Russia's financial watchdog, Rosfinmonitoring, added popular detective writer Grigory Chkhartishvili, known under the pen name Boris Akunin, to its list of terrorists and extremists without any explanation on December 18.
Mediazona website reported that Akunin’s name is marked with a star in the Rosfinmonitoring's registry, which means that a probe on terrorism charges might have been launched against the writer.
Interfax news agency cited a source on December 18, saying that a probe on charge of discrediting Russian armed forces was launched against Akunin.

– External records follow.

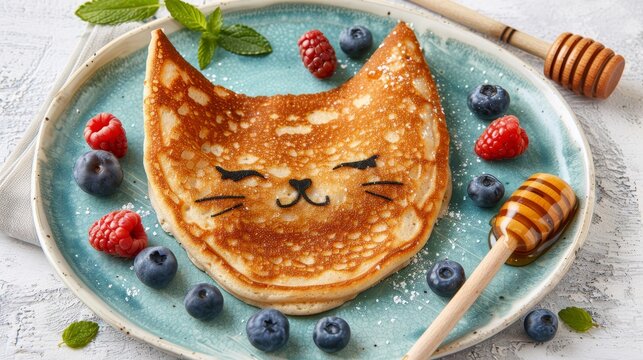 Adorable cat shaped pancake breakfast for kids with berries and honey on white plate, copy space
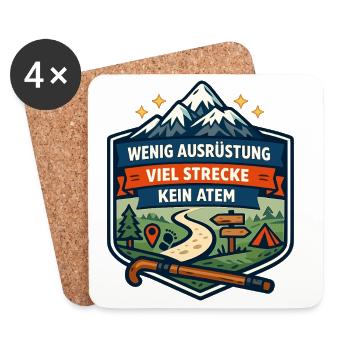 Wenig Ausrüstung Viel Strecke - Untersetzer (4er-Set) - Weiß - Vorne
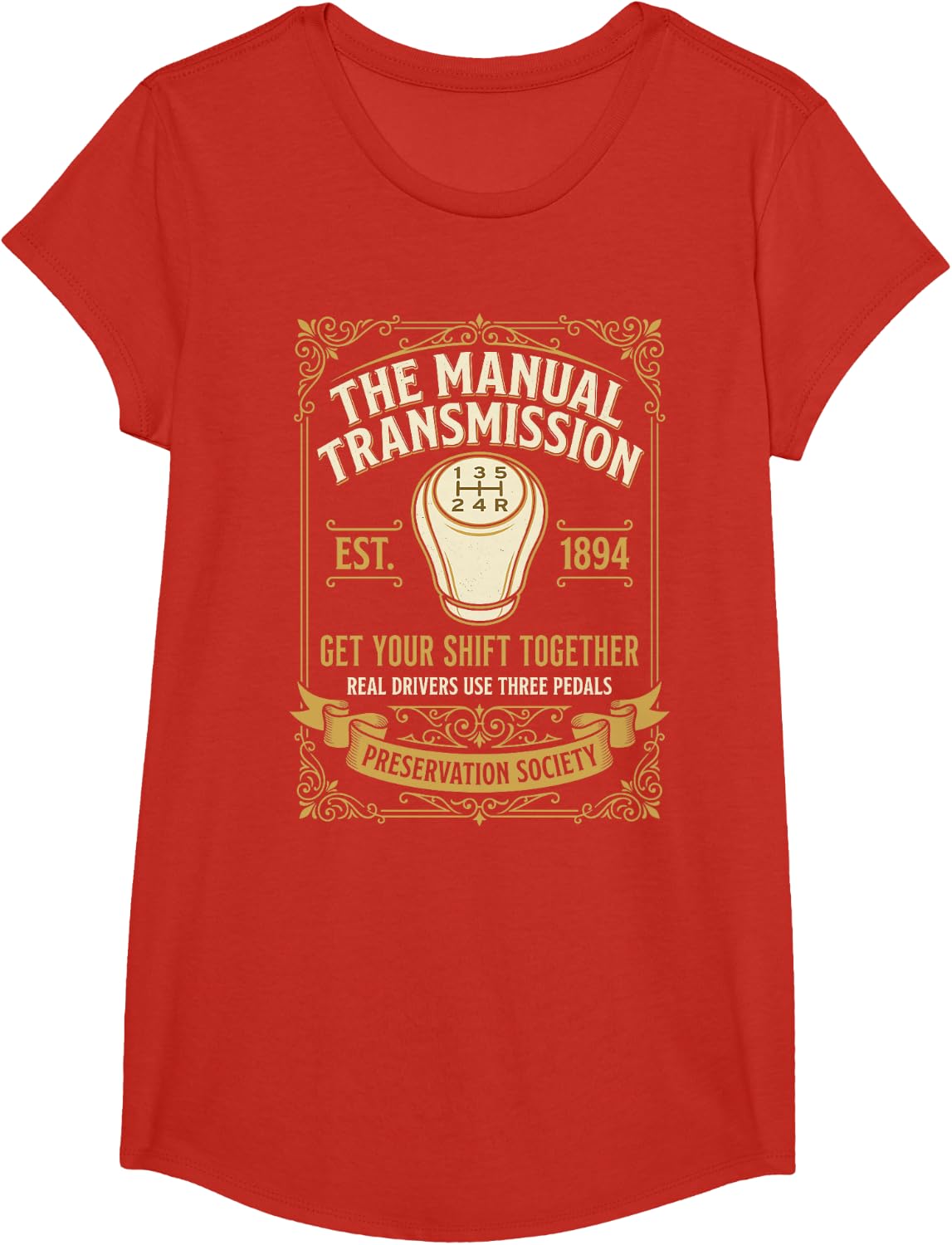 The Manual Transmission Preservation Society T-Shirt - Girls Red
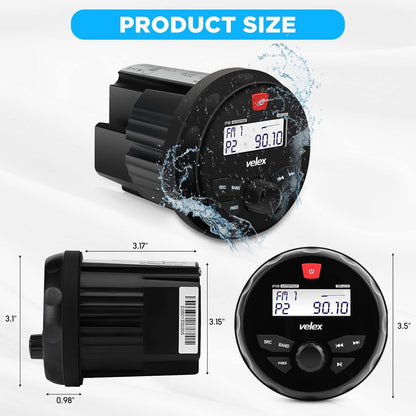 Marine Audio Systeem Stereo Speaker Pakket, Bluetooth, MP3 USB DAB+AM FM Marine Stereo - 2 x 6.5 Inch Zwarte Luidsprekers, Antenne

The move comes less than a week after one of Russia's largest book publishers, AST, and the country's biggest bookstore chain, Chitai-Gorod-Bukvoyed, announced that they dropped Akunin and Dmitry Bykov, another popular writer, over their pro-Ukrainian and anti-Russian comments.

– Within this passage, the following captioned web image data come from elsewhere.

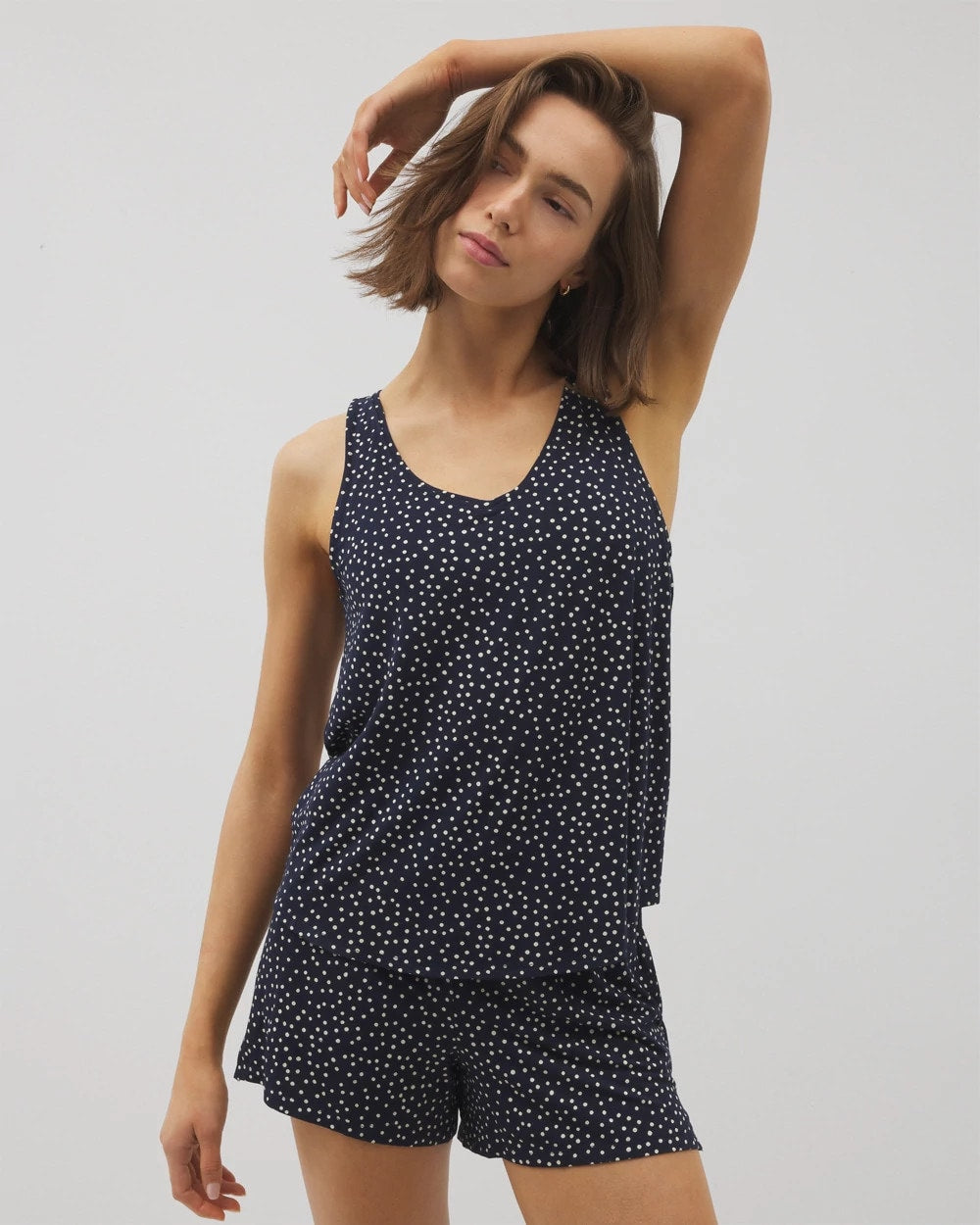 Printed V-Neck Pajama Tank - DOT OBSESSED NAVY | Soma Women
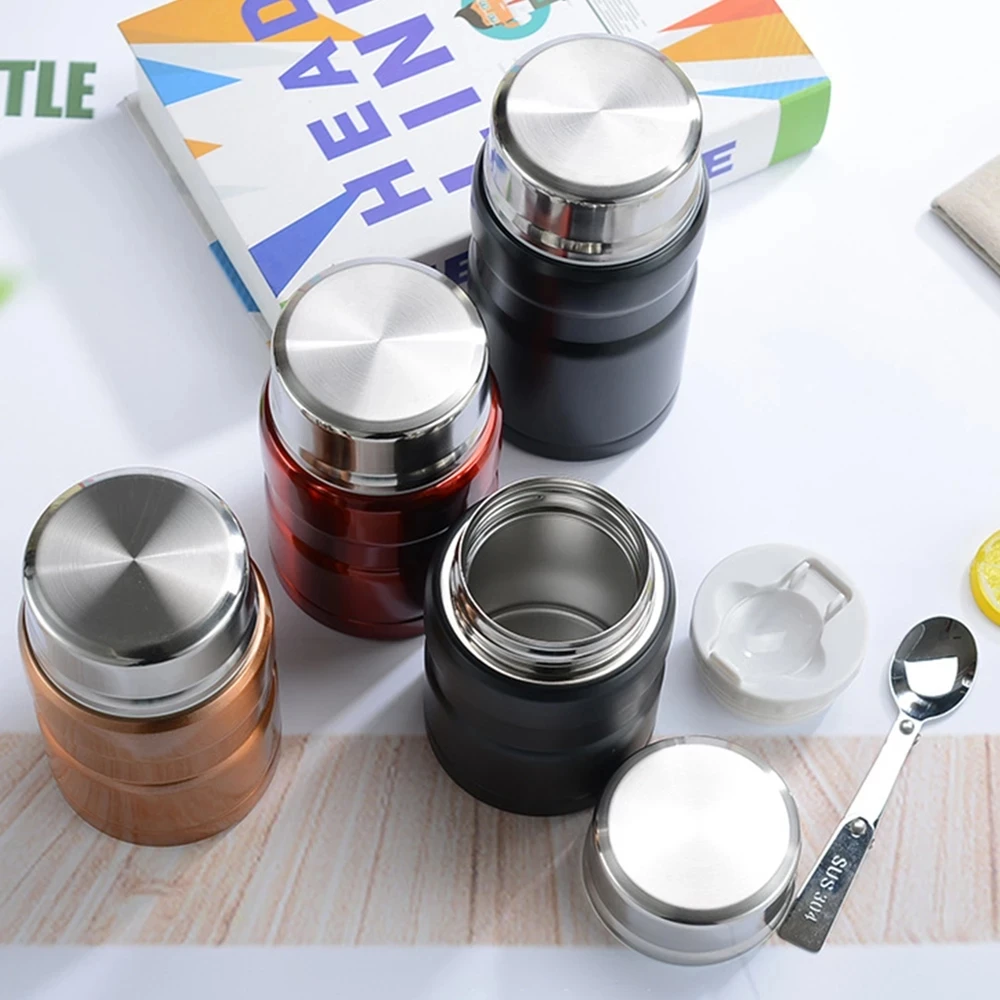 500/750ML Stainless Steel Insulation Lunch Box Soup with Spoon Containers Thermo Mug Thermo Cup Vacuum Flasks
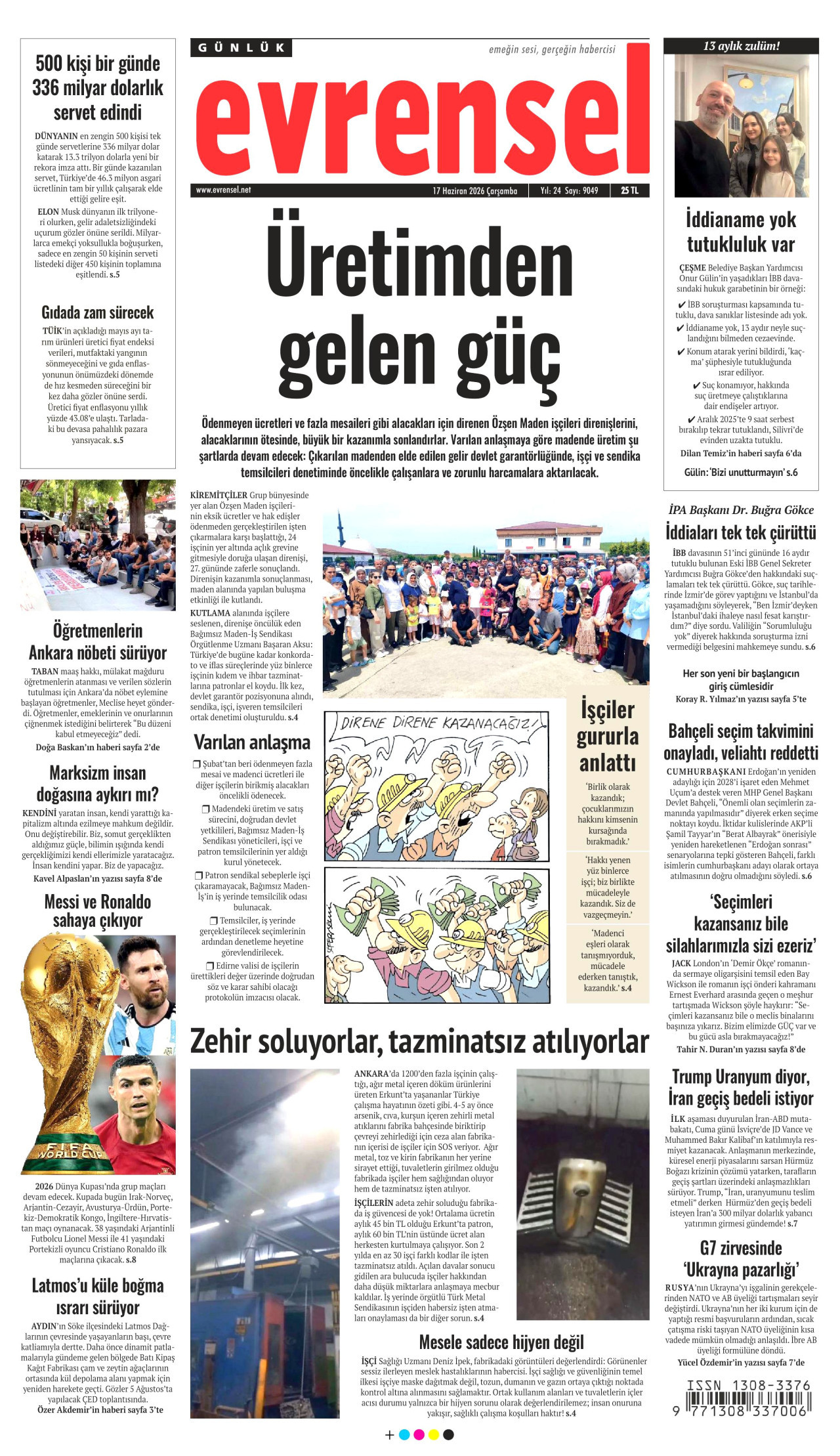 EVRENSEL gazetesinin 17 Haziran 2026 tarihli birinci sayfası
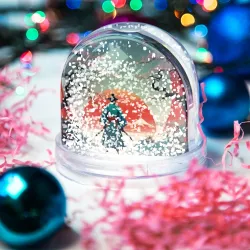 Игрушка Снежный шар Яркий самурай на закате - фото 2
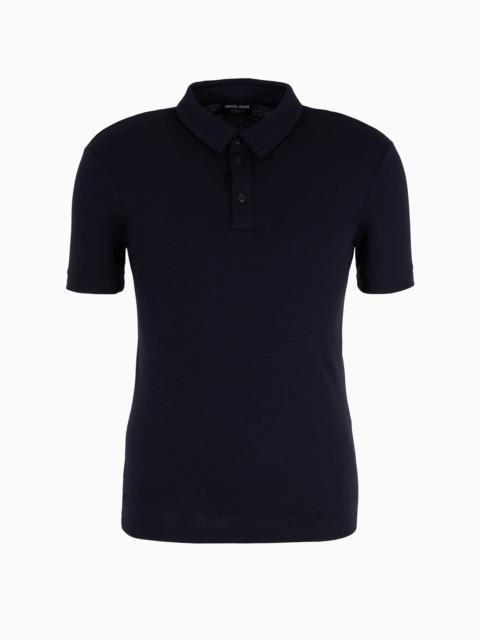 Pure cashmere interlock polo shirt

According to Russian laws, bank accounts of individuals added to the terrorists' list are automatically frozen in the country.
On December 14, Russian lawmaker Andrei Gurulyov publicly said that Akunin "must be annihilated" for his words about Russian armed forces involved in Moscow’s ongoing unprovoked invasion of Ukraine.
"Who is Akunin? An enemy! And we have already said that the enemy must be annihilated. I do not know when we all agree that no matter where he is, here or abroad, or elsewhere, the man who wishes his country's defeat, who wishes the death to Russian people, must be destroyed," Gurulyov said.
In October, all Russian theaters staging performances of Akunin's works removed his name from posters. Also, the Moscow House of Books was forced to remove Akunin's books from visible places at its exhibitions.
Akunin was among dozens of Russian writers who openly condemned Russia's aggression against Ukraine last year. On February 24 last year, immediately after the beginning of Russia's aggression, he wrote on Facebook that "a new horrible epoch started" in Russia.
"To the last moment I could not believe that [Russian President Vladimir] Putin will launch this absurd war and I was wrong. I have always believed that in the end, common sense will win, and I was wrong. Madness won," Akunin wrote.
Akunin left Russia in 2014, and currently resides in London.